El gran proyecto/II parte y última

 

Guillermo García Oropeza

El nuevo aeropuerto de la ciudad de México resulta ser, desde el punto de vista de la arquitectura, el proyecto más importante del sexenio, y como sabemos será la creación de un lord británico y quien seguramente ha de ser el mejor arquitecto mexicano a quien el gobierno premiará así su celebérrima trayectoria. Repito que escribo como arquitecto y amante de la arquitectura que soy y para quien el proyecto me ha sugerido ciertas reflexiones. Entre otras constatar una vez más que la arquitectura moderna en la que me formé ya está tan muerta como el gótico o el románico.

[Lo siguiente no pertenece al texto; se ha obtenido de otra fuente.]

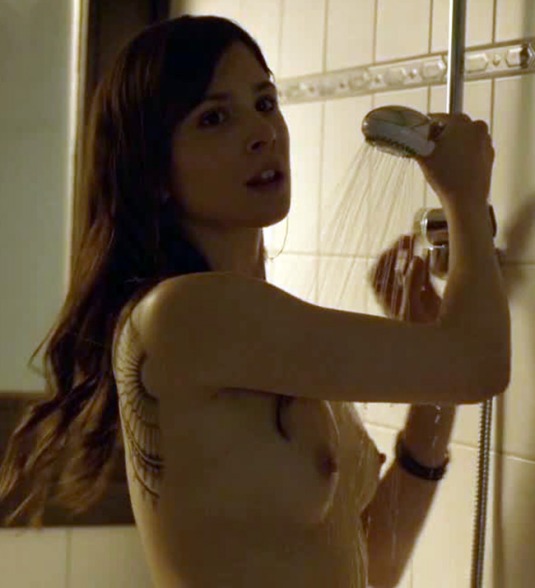 Aylin Tezel photos between the legs 53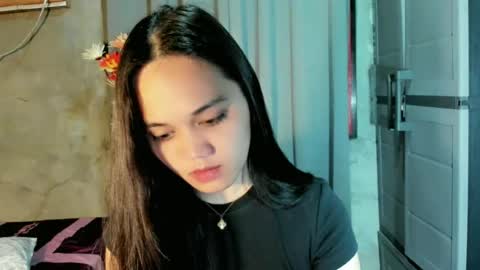 Snapshot of hilarymolly chatting on June 15, 6:54 pm hilarymolly online show from June 15, 6:54 pm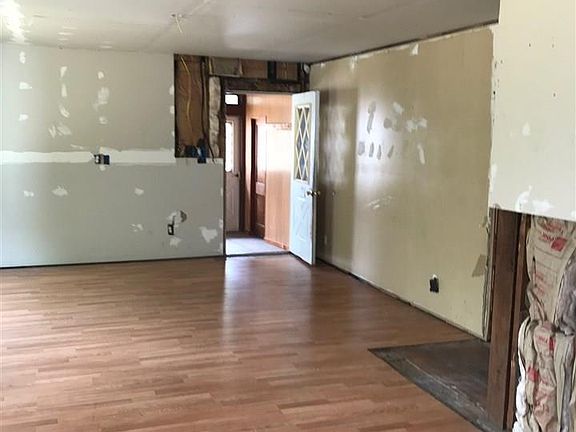 3rd image of 411 N St W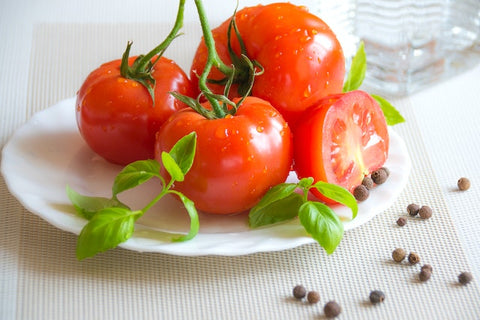 Tomatoes pack a lot of nutrition. Photo by PhotoMIX Company, Pexels.com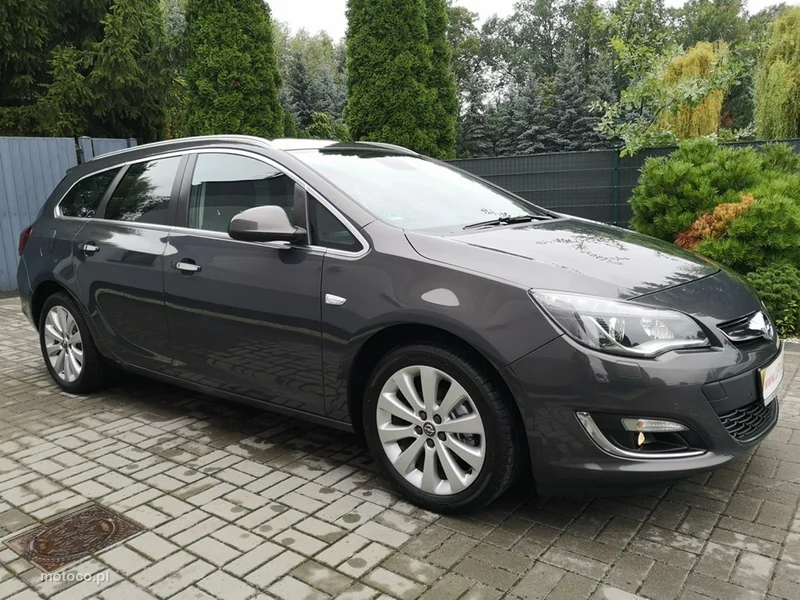 Opel Astra J 4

Para los no arquitectos diré que esa arquitectura moderna se fue formando en Europa y Estados Unidos a partir de las últimas décadas del siglo XIX y principios del pasado en reacción al eclecticismo entonces imperante. Este nuevo estilo austero y rebelde va surgiendo en Austria, Alemania, Holanda, Gran Bretaña y en ciudades como Chicago, y quiere ser honesto, limpio, lógico, práctico y con una profunda conciencia social. Y allí estaría la Bauhaus entre tantos ejemplos. Cierto que las ideologías lo penetran, el nazismo o la brillante primavera de Lenin. Conocerá sus grandes maestros a partir de la Segunda Guerra y será estilo mundial desde Japón o Brasil hasta México. Pero luego aparece ese horror comparable a la peste negra que es el neoliberalismo y el orgasmo del gran capital que requiere una nueva arquitectura para levantar sus monumentos, sus edificios corporativos, sus hoteles de lujo… sus aeropuertos.

Otra reflexión ha sido para mí el recuerdo de que no es la primera vez que un gobierno mexicano trae a un arquitecto extranjero como si no los hubiera buenos en el país y me acordé de Adamo Boari, aquel italiano traído por Porfirio Díaz y que nos dejó edificios opulentos como el Correo Mayor tan veneciano, el que hoy aloja el Munal, el Expiatorio de Guadalajara en gótico italianado y sobre todo el Palacio de Bellas Artes, que iba a ser el gran símbolo del porfirismo pero al que se la atravesó la Revolución y fue terminado en surrealista y hermoso estilo mexicano por los arquitectos Muñoz y Mariscal allá en 1934.

Y es que las grandes obras no siempre las terminan quienes las empiezan. Pero todas mis reflexiones de arquitecto parece que no le importan a nadie y lo único que provoco con quienes comento lo del “gran proyecto” es un curioso juego de lo más mexicano: el de apostar “de a cuánto van a ser los moches pa’los manotas” y se habla de cantidades fabulosas aunque yo —a quien me enseñaron los maristas a no pensar mal de nadie— creo que todo se llevará a cabo en la más virginal y absoluta transparencia.